Would you please copy exactly the line with "Розовое пуховое пальто" and all lines that follow it in the data below, through the last one?

§ **INPUT**:
<<<<

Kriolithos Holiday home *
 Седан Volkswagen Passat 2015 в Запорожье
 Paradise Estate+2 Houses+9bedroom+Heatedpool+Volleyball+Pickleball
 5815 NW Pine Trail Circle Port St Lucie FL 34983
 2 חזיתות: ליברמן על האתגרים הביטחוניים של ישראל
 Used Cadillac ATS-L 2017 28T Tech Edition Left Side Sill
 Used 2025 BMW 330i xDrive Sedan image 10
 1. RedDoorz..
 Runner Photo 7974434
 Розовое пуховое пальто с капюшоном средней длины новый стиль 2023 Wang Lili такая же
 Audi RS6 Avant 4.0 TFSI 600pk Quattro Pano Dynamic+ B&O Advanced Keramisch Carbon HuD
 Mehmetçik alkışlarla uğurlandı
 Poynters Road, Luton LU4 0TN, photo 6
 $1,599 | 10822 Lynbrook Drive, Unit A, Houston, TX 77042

>>>>

§ **SOLUTION FOR THIS EXERCISE**:
 Розовое пуховое пальто с капюшоном средней длины новый стиль 2023 Wang Lili такая же
 Audi RS6 Avant 4.0 TFSI 600pk Quattro Pano Dynamic+ B&O Advanced Keramisch Carbon HuD
 Mehmetçik alkışlarla uğurlandı
 Poynters Road, Luton LU4 0TN, photo 6
 $1,599 | 10822 Lynbrook Drive, Unit A, Houston, TX 77042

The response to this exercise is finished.